After Classes Threats, Hashish States Are Prepared To Act
Under the Obama administration, legal cannabis was protected by one single document.
That document was the Cole Memorandum, a memorandum which dissuaded U.S. attorneys from going after cannabis businesses unless they broke both state and federal law.
29 states and Washington D.C. currently have some type of cannabis program, be it for adult use or medical purposes.
On January fourth, three days after recreational cannabis was legalized in California, Attorney General Jeff Sessions announced that he will be rescinding the Cole Memo.
Sessions goes after cannabis
The Cole memo was introduced in 2013 by Deputy Attorney General James Cole.
For the past four and a half years, Cole’s respect of States’ decision on cannabis is what has allowed cannabis businesses to flourish, giving millions of Americans safe access to the plant.
By reversing the Obama-era ruling, Sessions gives federal prosecutors free reign to go after state-licensed cannabis dispensaries.
Rescinding the Cole memo gives federal authorities the ability to decide, seemingly on a whim, whether they would like to used federal money, provided by taxpayers, to take action against businesses.
Prior to state legalization campaigns, cannabis businesses were frequently raided and financial assets were confiscated.

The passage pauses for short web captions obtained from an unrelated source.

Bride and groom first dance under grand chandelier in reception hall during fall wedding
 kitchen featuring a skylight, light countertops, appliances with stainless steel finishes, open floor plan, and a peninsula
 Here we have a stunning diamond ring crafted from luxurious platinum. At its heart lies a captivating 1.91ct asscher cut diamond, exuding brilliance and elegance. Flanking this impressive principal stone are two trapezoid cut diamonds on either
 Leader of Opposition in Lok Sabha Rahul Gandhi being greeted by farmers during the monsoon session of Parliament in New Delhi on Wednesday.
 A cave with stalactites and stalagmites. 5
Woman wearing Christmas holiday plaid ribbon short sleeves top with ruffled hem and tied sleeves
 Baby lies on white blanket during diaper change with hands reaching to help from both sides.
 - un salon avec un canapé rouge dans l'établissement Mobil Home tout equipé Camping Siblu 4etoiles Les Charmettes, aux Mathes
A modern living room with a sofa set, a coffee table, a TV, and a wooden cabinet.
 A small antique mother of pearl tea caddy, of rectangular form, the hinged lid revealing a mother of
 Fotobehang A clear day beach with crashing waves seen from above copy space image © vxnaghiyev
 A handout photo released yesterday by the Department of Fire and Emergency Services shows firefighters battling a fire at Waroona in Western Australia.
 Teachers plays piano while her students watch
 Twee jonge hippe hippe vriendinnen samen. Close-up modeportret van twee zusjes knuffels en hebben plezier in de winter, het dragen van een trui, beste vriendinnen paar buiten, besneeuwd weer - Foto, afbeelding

Raids and other drug-war tactics left patients without access to medicine, millions of unnecessary arrests of predominantly minority populations, and even led to increased levels of non-cannabis related crimes in neighborhoods that experienced dispensary raids.
Right now, medical cannabis consumers and businesses are protected by another Obama-era agreement, the Rohrabacher-Blumenauer amendment (formerly Rohrabacher-Farr). The bill prevents the use of federal funds to shut down medical cannabis clinics.
Unfortunately, the Rohrabacher-Blumenauer amendment has a long history of contention. The bill was scheduled for renewal on January, 19, but a pending senate shutdown delays the amendment’s renewal.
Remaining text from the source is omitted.